From Metric Overload to Victoria: Simplifying My Observability Stack

Or: how I stopped worrying and learned to love fewer containers

The Problem With "Best Practice" Stacks

There's a certain kind of infrastructure creep that happens to every DevOps engineer who's been around long enough. You start with a simple goal — "I want to know if my servers are alive" — and a few months later you're running a distributed metrics backend, object storage, log aggregation, tracing, and a Grafana dashboard that takes long enough to load that you reconsider your life choices.

That was me.

As a freelancer, I monitor a handful of client systems and personal projects. Nothing massive — around a dozen hosts, a few applications, some databases. But over time, I'd assembled a stack that looked like it belonged in a mid-sized SaaS company. The only problem: I'm not a mid-sized SaaS company. I'm one person with a laptop, a coffee habit, and a growing suspicion that I'd massively over-engineered things.

My setup looked like this:

  • Prometheus — metrics scraping
  • Mimir × 3 — HA long-term metrics storage
  • nginx — load balancing across the Mimir instances
  • Hetzner Object Storage (S3-compatible) — backend storage for Mimir
  • Loki — log aggregation
  • Promtail — log shipping
  • Tempo — distributed tracing
  • Alloy — ingestion and collection

Eight components. All working.
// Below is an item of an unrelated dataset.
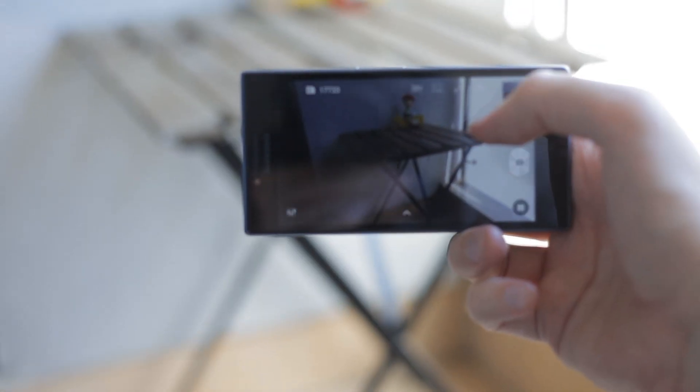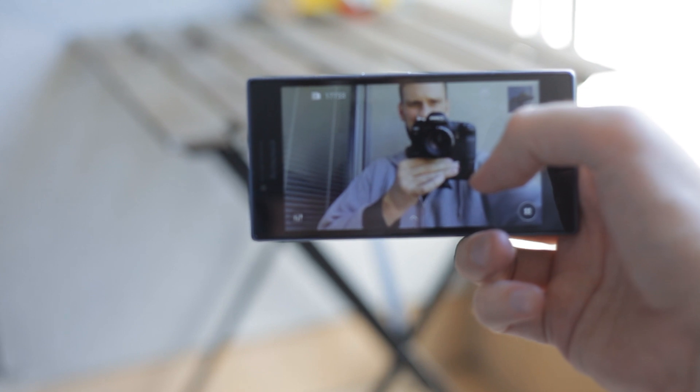The front camera has 5 megapixels, but although that sounds good, this is not a good camera for selfies — photos are blurry all the time. In low light they're totally unusable; they're terrible. Even if you reduce them to 2 megapixel resolution, they will still be blurry.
All necessary — in the wrong context.

Every incident started with the same question: "Which of the eight things is broken this time?" That's usually a signal you've overdone it. And then there was the cost — three Mimir instances, an nginx server, and an S3 bucket continuously accumulating chunks and compacted blocks don't run for free. For a freelancer, that's real money every month to support infrastructure that was, let's be honest, sized for problems I didn't have.

Something had to change. But to understand how I got here, you need to know how it started — with a perfectly reasonable decision to ditch Graylog.
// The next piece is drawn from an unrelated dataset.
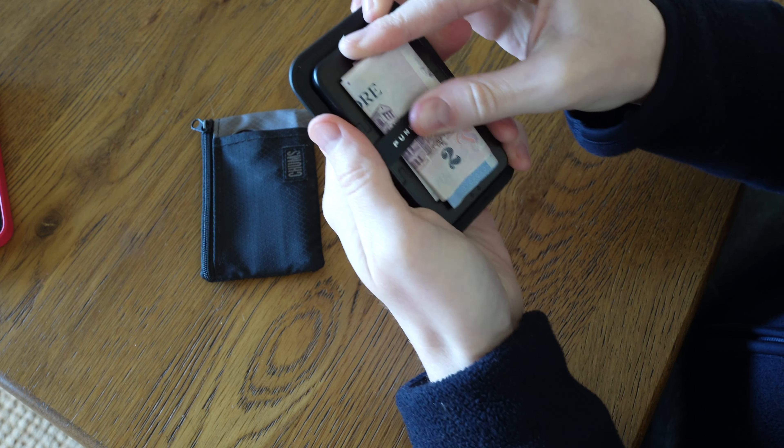The money is supposed to go on the front, and you would have to fold it in half and then pop it down the front. I'm personally not a big fan of money clips where the money is just hanging on the outside. I do prefer to keep money folded inside, like in a zip compartment or in different pockets like this.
How It Started: Escaping the Elasticsearch Tax

Like many setups, this one started with logs.

I was running Graylog backed by Elasticsearch. It worked, but Elasticsearch has a very specific personality: it will happily consume every gigabyte of RAM you give it and then politely ask for more. Running it for a small environment felt like hiring a 40-tonne lorry to help you move a studio flat. Technically it gets the job done. Practically, it's absurd.
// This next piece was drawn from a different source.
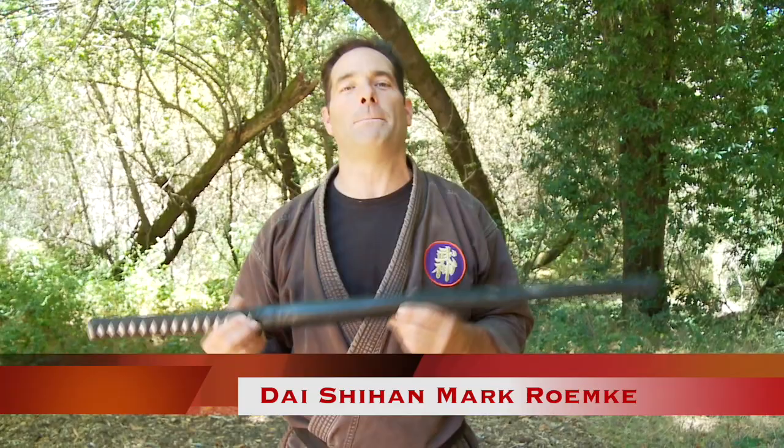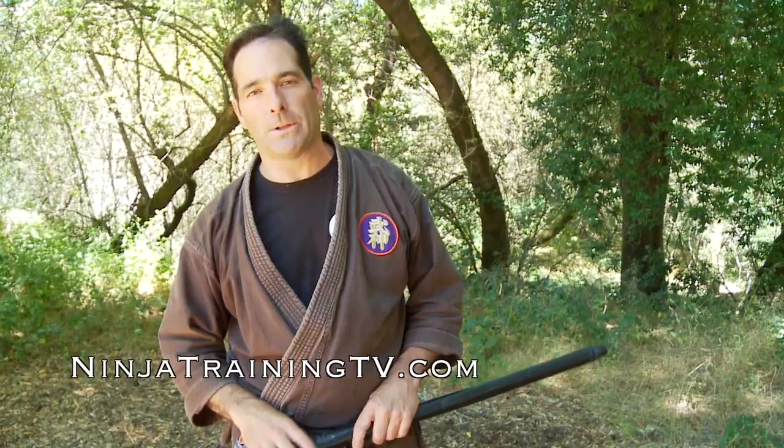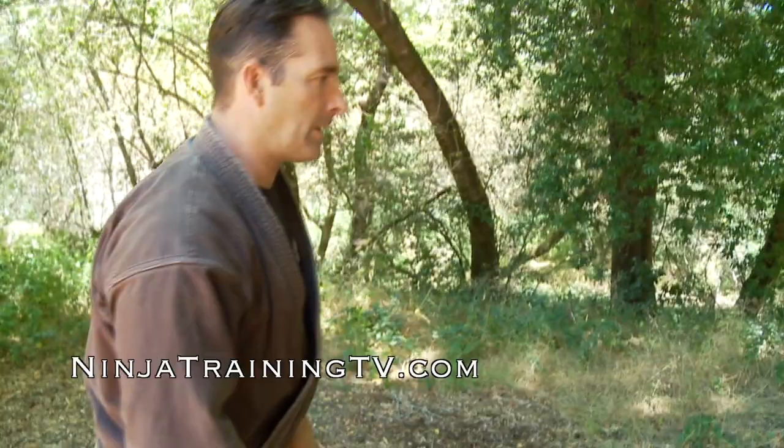Okay guys, this is Mark Remke with Ninja Training TV, and we have the hanbo with us today. I'm going to show you a transition in case somebody tries to sneak out of one of the hanbo techniques that we like to show a lot with the inner and the outer. The person's going to come in and throw a punch.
That's when I moved to Grafana Loki. The design made sense — label-based indexing instead of full-text search, lower resource footprint, tight Grafana integration. That migration was a clear win.

While rebuilding the logging side, I started looking at the metrics layer with fresh eyes too. Mimir had just become widely available — Grafana Labs had open-sourced it as a horizontally scalable, Prometheus-compatible long-term storage backend. It looked modern. It looked powerful. It had a shiny new logo and everything.

Reader, I installed it immediately.


The Mimir Chapter: Powerful, Educational, and Slightly Misplaced

To be fair to Mimir — it's genuinely impressive software, designed for multi-tenant environments at massive scale. If you're running metrics infrastructure for hundreds of services across multiple teams, it's a serious tool solving serious problems.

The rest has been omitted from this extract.